If my memory bondserves me correctly, he got like 80%-90% of our vote, including mine. Before the Lewinsky scandal, which I did not understand at the time, my mom used to say, “he’s my friend”, whenever President Bill Clinton was on our television screen. And good ol’ Al was his Vice, but he had at least 26 more.
When Dubya won, and did so scandalously with the aiding and abetting of Florida Man, we were pissed off. We hated him instantaneously. Before 9/11, my baba began reading aloud to me Bushisms. My favorite was, ‘I know the human being and fish can coexist peacefully.” A beautiful misunderstanding of realpolitik, amongst the species. A close second was, “I know how hard it is for you to put food on your family.” Can you tell, I grew up liberal? I had a software engineer who works for National Public Radio (NPR) and who grew up in South Central Los Angeles, speak to my high school students in South Central Los Angeles, and I learned from him that knowledge of the existence of NPR, let alone daily listening as I was subject to as a young warthog, is rare.
I was in 6th grade when 9/11 happened. And though, like everyone else, I was initially shocked, over the years in middle school and especially in high school, I became exceedingly skeptical of the narrative fed to us. Immortal Technique was my biggest influence into looking into and opposing the Authorization to use Military Force (AUMF), the jingoistic Patriot Act, and the invasions of Afghanistan and Iraq. But I also applauded The Town’s Congresswoman Barbara Lee’s standing alone against the mob, reminiscent of the first Congresswoman Jeannette Rankin who audaciously opposed The Great War and even more impressively WWII, with her no vote on the AUMF. Studied vigorously due to the inspiration of Congressman Ron Paul, who got the AUMF wrong, but after seemed to be the most consistent voice against the wars abroad. And I worked for his friend Congressman Dennis Kucinich.

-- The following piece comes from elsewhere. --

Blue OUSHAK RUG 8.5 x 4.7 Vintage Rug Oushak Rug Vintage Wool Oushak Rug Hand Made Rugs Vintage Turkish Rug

This all prepared me to be superlatively entertained when I heard this good fellow say,
“The result is an absence of checks and balances in Russia, and the decision of one man to launch a wholly unjustified and brutal invasion of Iraq — I mean of The Ukraine. heh. Iraq too, anyway. 75. uh!
Everyone is calling this a gaffe, a blunder, and a Freudian Slip. I agree. I would go one step further and say that as dictionaries evolve to add video clips in addition to inanimate images, this clip, without any other preface or words after, should accompany these three terms.
Was it, as he says, his age?
Was it a guilty conscience?
Was it serendipity? Grace? Eucatastrophe?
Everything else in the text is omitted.